Si l’inégalité est la forme et la cause de toute injustice, il y a quelque chose de profondément injuste dans tout acte d’amour. Aimer, c’est toujours saisir, affirmer et cultiver l’inégalité. Désirer, c’est se rendre compte que quelqu’un ou quelque chose dans la panoplie des personnes, des objets, des atmosphères, des événements qui nous entourent, se distingue des autres, non pas tant ou pas seulement parce qu’il est différent, mais parce qu’elle couve une force, une valeur, une importance que nous ne pouvons pas négliger.
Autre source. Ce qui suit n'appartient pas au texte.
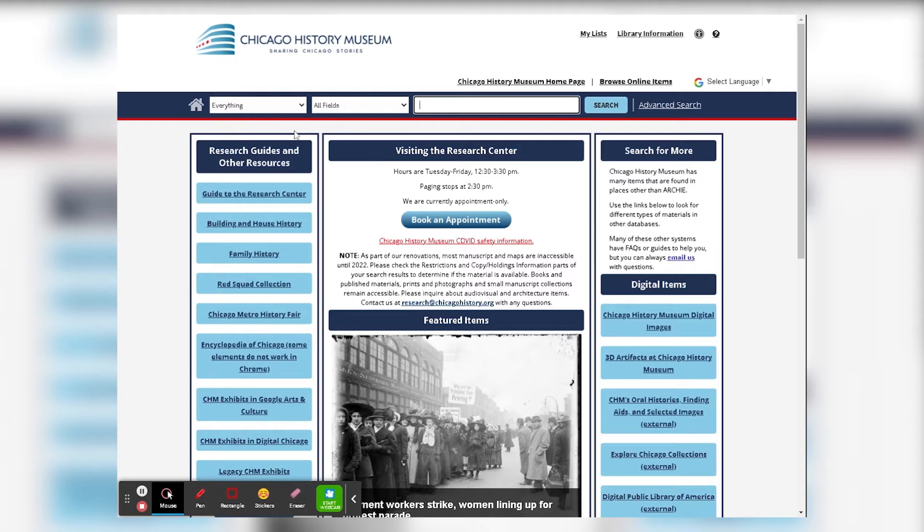When you're searching Archie, this will operate fairly similarly. You can use the menu on the left to limit your search to certain types of materials. You can also limit your search to only searching within particular fields. On the right, you will see the advanced search, which operates exactly the same as before, where you can utilize both types of searches and dictate multiple search limits at one time.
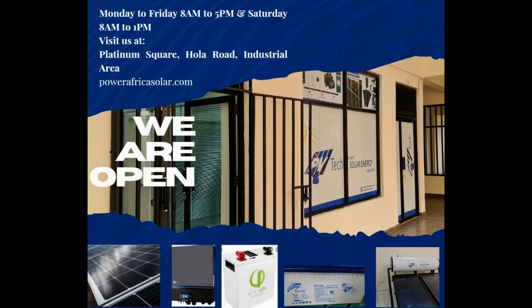Call or WhatsApp: 0792247397, or email info@powerafricasolar.com for inquiries.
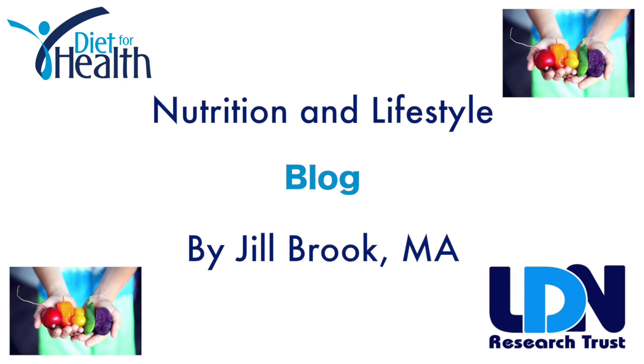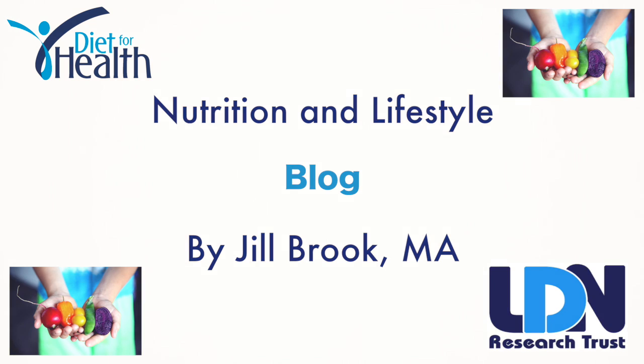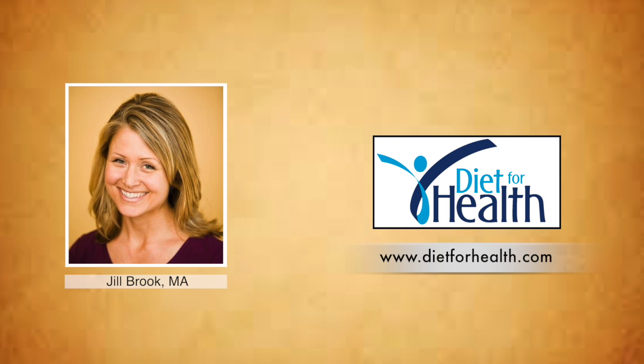Hello, welcome to the Nutrition and Lifestyle blog of the LDN Research Trust. I'm Jill Brooke, nutritionist, researcher, and autoimmune patient. Let's dive in.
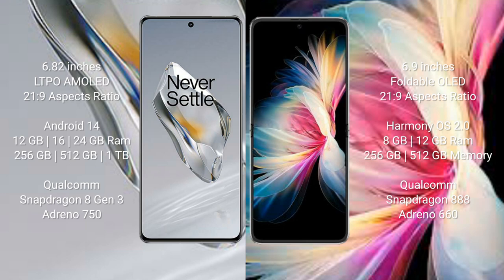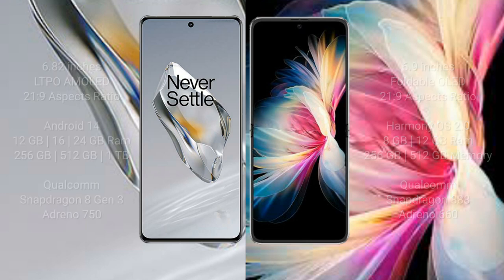Huawei P50 Pocket comes with 8GB or 12GB RAM and 256GB or 512GB internal storage. It is powered by the Qualcomm Snapdragon 888 processor and Adreno 660 GPU.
Peu importe qui ou quoi nous aimons ou nous désirons, ceci n’est pas et ne peut en aucun cas être égal aux autres. Aimer, c’est cultiver l’inégalité de valeur de ce que nous désirons : nous voulons que l’objet ou la personne aimée soit le plus proche de nous et nous donnons à cette personne ou à cet objet une place et un rôle différents dans notre vie.
Peu importe qu’il s’agisse d’un enfant ou d’un partenaire, d’un chien, d’un tableau, d’une jupe, d’un livre, d’un bibelot d’enfance, d’une leader politique ou de nous-mêmes : en aimant quelqu’un, nous définissons une hiérarchie dans la réalité qui nie l’idéal selon lequel chaque chose ou chaque personne est égale à n’importe quelle autre. L’amour et le désir ont toujours quelque chose de politiquement scandaleux. C’est pourquoi la loi a toujours et partout, à chaque époque, dans presque toutes les cultures, essayé de dompter cette passion de l’inégalité que nous donne le désir.